The president pushed back on an intelligence report saying the strikes only set back Tehran’s nuclear ambitions by a few months.
President Trump said he doesn’t think a nuclear deal with Iran is necessary after the U.S. strikes on three Iranian nuclear sites, though he added there would be talks with Tehran next week. He said the U.S. would be asking the Iranians for the same thing before Israel attacked Iran. "We want no nuclear," the president said, adding: "We destroyed the nuclear."
Speaking from the NATO summit, Trump said he believed the cease-fire between Israel and Iran would hold. The president signaled that he wouldn’t stop China from buying oil from Iran, saying Tehran needs the money “to put that country back into shape.”

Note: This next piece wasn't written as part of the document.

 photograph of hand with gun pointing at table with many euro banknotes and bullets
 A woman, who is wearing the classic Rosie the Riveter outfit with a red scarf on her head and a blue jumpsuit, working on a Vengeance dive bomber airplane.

Trump also pushed back on a leaked intelligence report that said the U.S. strikes on Iran’s nuclear facilities only set back Tehran’s nuclear ambitions by a few months. Defense Secretary Pete Hegseth said the FBI has started a probe into how the preliminary assessment became public.
The Defense Intelligence Agency, which produced the classified report, on Wednesday said the report was “a preliminary, low-confidence assessment—not a final conclusion.”
Israel’s atomic agency said the U.S. and Israeli strikes together have set back Iran’s ability to develop nuclear weapons by many years, although Israel’s military and intelligence services are still investigating the extent of the damage.